→ Exercise
Your response must be an exact transcription of the lines from the one containing "Bursa’dan Bosna’daki gazilere" through the final line of the data.

**** Recorded data ****

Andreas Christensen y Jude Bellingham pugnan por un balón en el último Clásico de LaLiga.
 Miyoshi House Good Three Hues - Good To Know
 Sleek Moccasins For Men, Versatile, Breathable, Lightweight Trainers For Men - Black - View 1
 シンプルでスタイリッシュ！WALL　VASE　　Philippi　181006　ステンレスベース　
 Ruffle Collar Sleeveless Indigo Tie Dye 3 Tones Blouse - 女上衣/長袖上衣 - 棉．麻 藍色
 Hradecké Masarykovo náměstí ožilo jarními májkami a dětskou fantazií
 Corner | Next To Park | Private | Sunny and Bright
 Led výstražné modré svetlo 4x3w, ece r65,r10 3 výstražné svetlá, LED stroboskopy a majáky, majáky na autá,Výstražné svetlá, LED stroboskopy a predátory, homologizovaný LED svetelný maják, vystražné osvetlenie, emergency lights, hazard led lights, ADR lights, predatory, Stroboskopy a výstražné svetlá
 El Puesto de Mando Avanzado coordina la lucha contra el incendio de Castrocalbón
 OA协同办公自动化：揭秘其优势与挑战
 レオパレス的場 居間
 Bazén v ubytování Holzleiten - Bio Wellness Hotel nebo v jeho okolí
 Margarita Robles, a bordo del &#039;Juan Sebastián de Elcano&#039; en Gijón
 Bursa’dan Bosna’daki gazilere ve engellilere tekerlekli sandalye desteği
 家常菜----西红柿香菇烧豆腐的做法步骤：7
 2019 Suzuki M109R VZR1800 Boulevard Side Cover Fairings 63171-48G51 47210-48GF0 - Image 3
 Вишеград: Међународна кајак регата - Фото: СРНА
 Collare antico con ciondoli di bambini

****

→ Response below
 Bursa’dan Bosna’daki gazilere ve engellilere tekerlekli sandalye desteği
 家常菜----西红柿香菇烧豆腐的做法步骤：7
 2019 Suzuki M109R VZR1800 Boulevard Side Cover Fairings 63171-48G51 47210-48GF0 - Image 3
 Вишеград: Међународна кајак регата - Фото: СРНА
 Collare antico con ciondoli di bambini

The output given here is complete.